3

I am trying to get a Fibonacci sequence of 5 million elements.

This code aborts abnormally, when I pass 1000 as a parameter.

def self.fibo_seq(limit)
  result_array = [0,1]
  return result_array if limit < 2
   while result_array.length <= limit
     result_array << result_array[-1] + result_array[-2]
   end
  return result_array
end
res= Multiple.fibo_seq(5_000_000)
print res

Error: [1]    22382 killed     ruby fibo.rb

Example output:

# >> [0, 1, 1, 2, 3, 5, 8, 13, 21, 34, , 1...] upto 5 Million elements
Santosh Mohanty
  • 468
  • 1
  • 6
  • 23
  • 1
    Overflow, most likely. You can't just have huge numbers in variables in most languages. – pulsejet Mar 15 '17 at 19:06
  • 1
    @RadialApps: in ruby you can. No problems whatsoever. – Sergio Tulentsev Mar 15 '17 at 19:06
  • @SergioTulentsev, you're right I guess (just looked it up). My second guess then would be insufficient memory for allocation for a bigger data type when it gets big enough. – pulsejet Mar 15 '17 at 19:11
  • 2
    Huge numbers are expensive to store in memory, run your program and open another tab and run `top -o mem`. – Anthony Mar 15 '17 at 19:12
  • I'm seeing really strange results where strings of the same bytesize as it's Numeric equivalent are keeping memory overhead at 1/40th the size... – Anthony Mar 15 '17 at 19:44
  • 1
    The code should handle 1000 correctly. BTW, `50_00_000` is 5,000,000 and should be written `5_000_000` if you're going to use that notation. The details are important when programming. – the Tin Man Mar 15 '17 at 20:42

4 Answers4

4

Storing the first 5000000 Fibonacci numbers using YARV's implementation of Integer uses exactly 1084762047712 bytes (assuming 8 bits per byte) on a 64 bit platform. That's close to one TiByte (0.9865853351 TiByte, to be precise). And that's just the space for the numbers themselves, there's also the overhead for the array (a couple of bytes) and the pointers inside the array (a little bit less than 5000000 times 8, or a little over 38 MiByte).

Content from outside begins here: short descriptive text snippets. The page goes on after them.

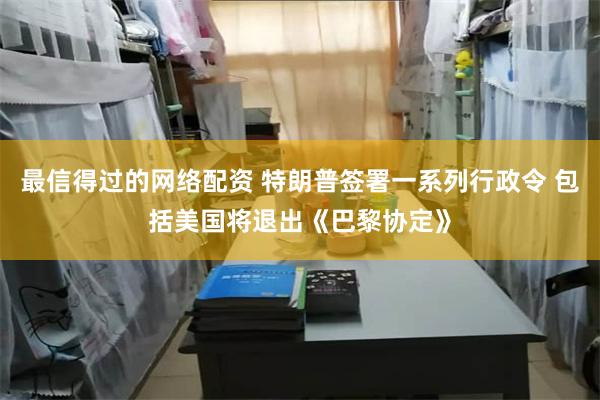 最信得过的网络配资 特朗普签署一系列行政令 包括美国将退出《巴黎协定》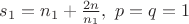 $s_1=n_1+\frac{2n}{n_1}, \ p=q=1$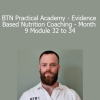 Ben Coomber - BTN Practical Academy - Evidence Based Nutrition Coaching - Month 9 Module 32 to 34
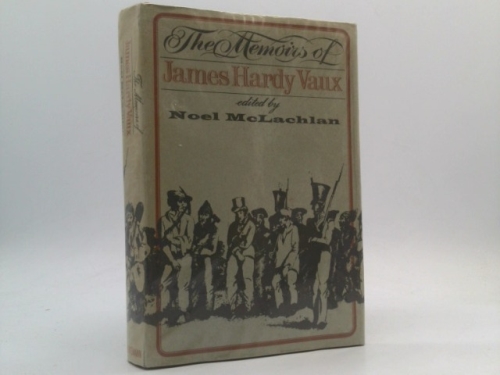The Memoirs of James Hardy Vaux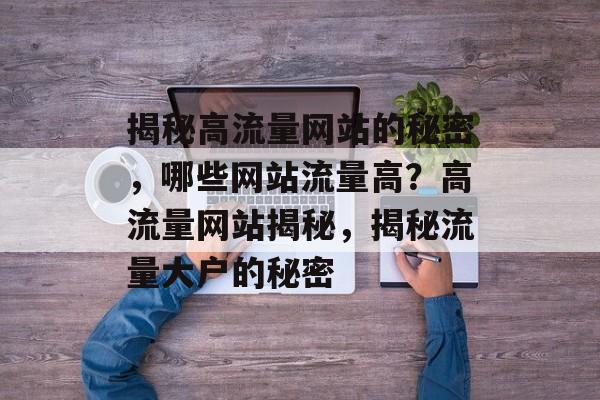 揭秘高流量网站的秘密，哪些网站流量高？高流量网站揭秘，揭秘流量大户的秘密
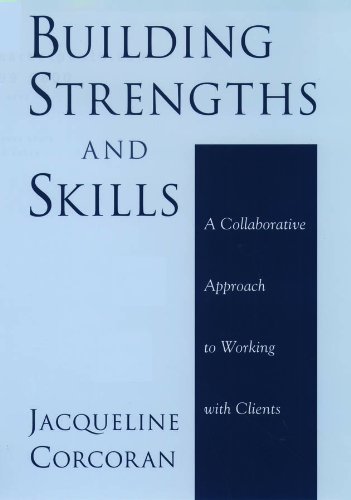 Building Strengths and Skills: A Collaborative Approach to Working with Clients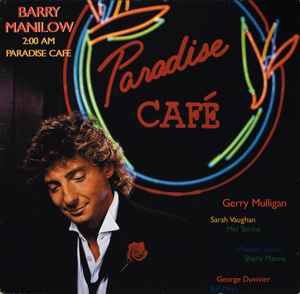 2:00 AM Paradise Cafe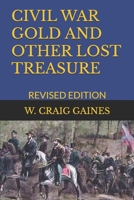 Civil War Gold and Other Lost Treasure: Revised Edition 1549592580 Book Cover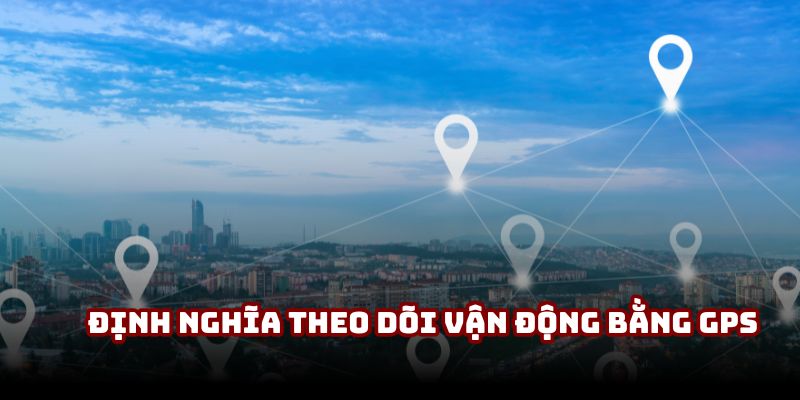 Định nghĩa về thuật ngữ theo dõi vận động viên bằng GPS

Computing those 5000000 numbers even without storing them (only remembering the last 2 to avoid re-computation), took a little over 20 minutes on my late 2011 model MacBook Pro. Computing them while at the same time allocating 1 TiByte of RAM is going to be much slower. If you don't have 1 TiByte of RAM, and the OS starts swapping out to disk, it is going to be orders of magnitude slower, even if you have a blazing RAID of SSDs connected via FibreChannel.

In order to print the array, it needs to be represented as a string first. Even just the commas and spaces without the numbers are already 4999999*2 characters, which need close to 10 MiByte of RAM (assuming a single-byte character set). If you tried to print out just the commas and spaces, you would need about 2500 pages of DIN A4 paper, or 1250 sheets if you print double-sided. Office paper is typically sold in stacks of 500 sheets which are roughly 5 cm high, so you have 2.5 stacks about 12.5 cm high just for the commas and spaces.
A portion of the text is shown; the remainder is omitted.